The ensemble’s transcendent account of “Sure on This Shining Night,” one of Samuel Barber’s impeccable art songs, honored both James Agee’s sublime text and the composer’s lithe melodies. In laudable dynamic contrast, Lee- Skorepa, guest vocalist Lia Adams, and the instrumental allies pulled out all of the stops for Mexican composer Augustin Lara’s beloved ballad “Granada.” The opulent prowess of the Lee-Skorepa’s high register easily soared over the instruments’ brilliant, pulsing accompaniment, and Adams confidently matched her dynamic interpretation.

As someone who has done his share of vocal accompanying in the day, I thought I knew the range of art song composers, but the 20th-century Mexican composer Salvador Moreno proved a delightful new discovery. Lee-Skorepa revealed the poignant depths of Moreno’s songs “Definición” and “Cementerio en la nieve.”
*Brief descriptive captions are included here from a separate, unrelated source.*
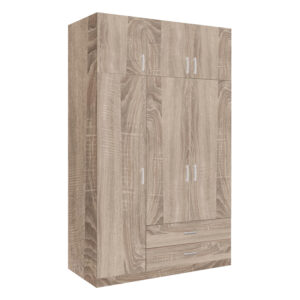 Ντουλάπα τρίφυλλη με συρτάρια Royal haroma σε sonoma απόχρωση 150x58x230εκ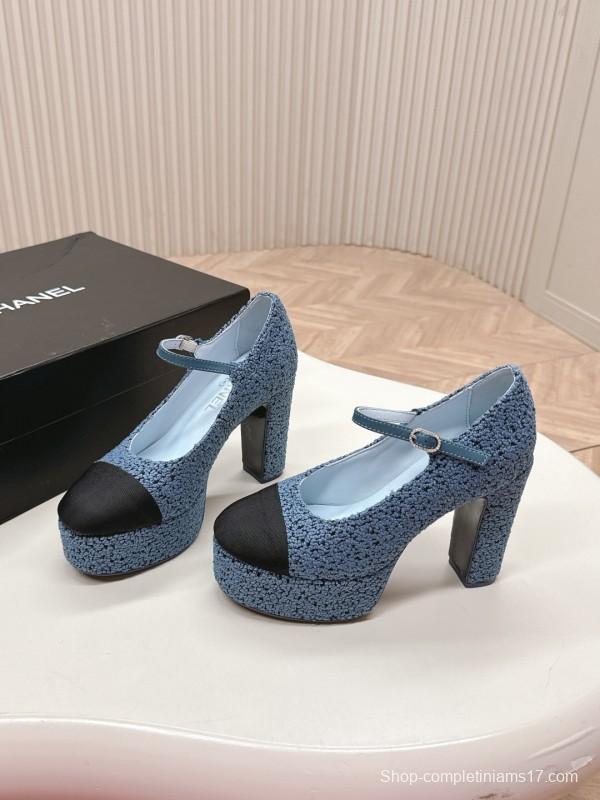 2025 Women Chanel Blue Black Tweed Leather Platform Pumps KFY00330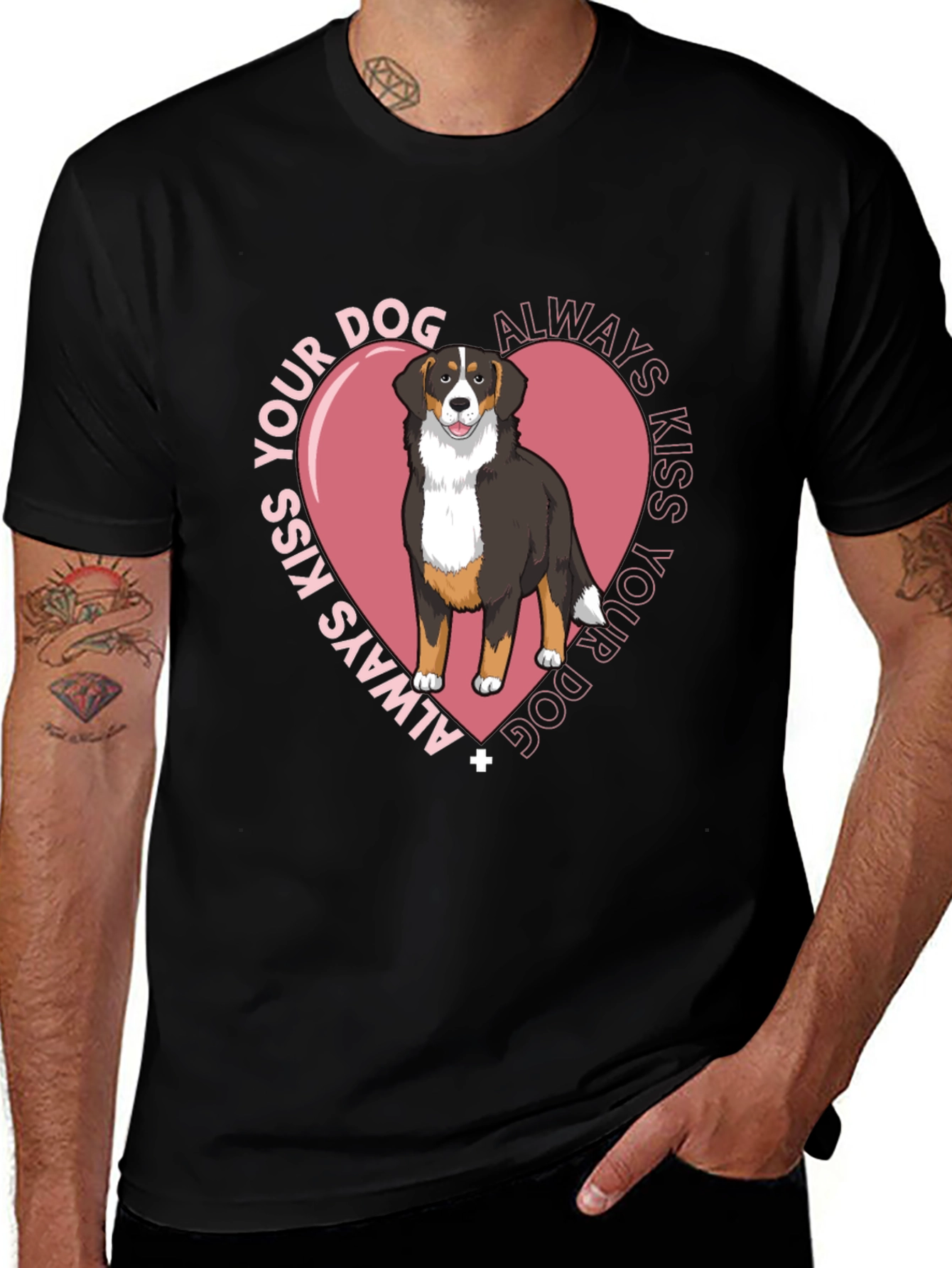 Variant 22 of Always Kiss Your Dog T-Shirt - Heart Dog Graphic Tee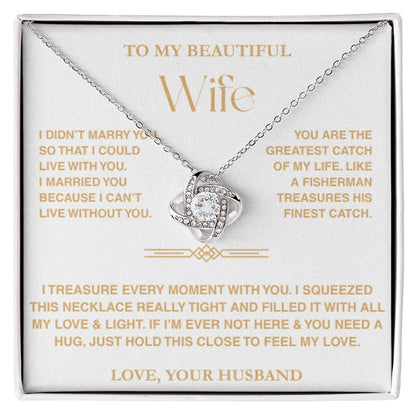 TREASORA | To My Beautiful Wife | Feel My Love | Vesta Knot Necklace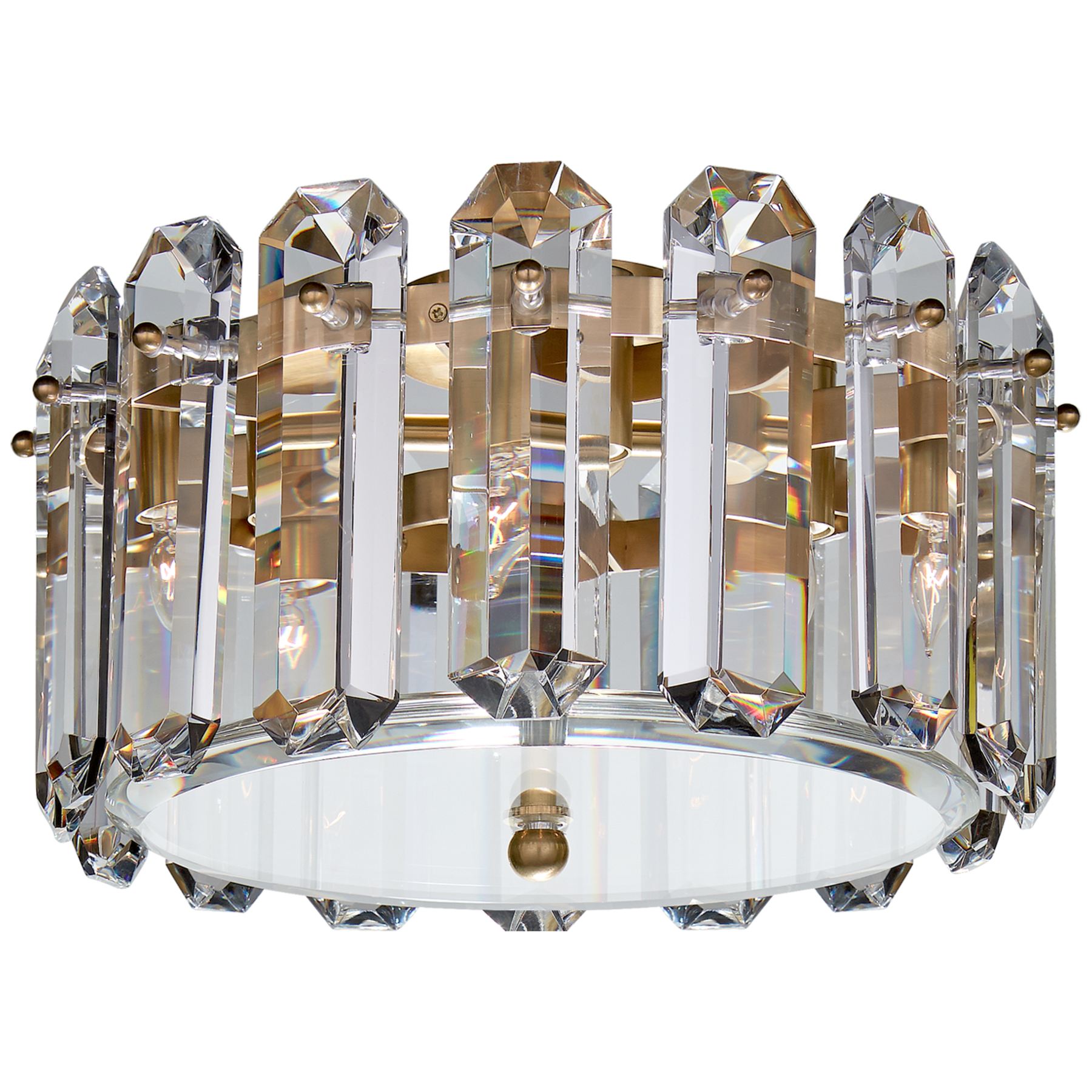 Visual Comfort Bonnington Small Flush Mount Flush Mount Ceiling Light Visual Comfort Hand-Rubbed Antique Brass Crystal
From another realm entirely, the music of the Argentine ska band Los Fabulosos Cadillacs churns up more earthy emotions. From the band’s song “Hoy lloré cancion,”  Lee-Skorepa skillfully brought in the audience to sing its short refrain in traditional call and response fashion to create rollicking contrast between her Johannes Brahms romantic lied “Von ewiger Liebe” and her compelling, dramatic account of Giuseppe Verdi’s searing aria “Pace, pace mio dio” from his opera La Forza del destino.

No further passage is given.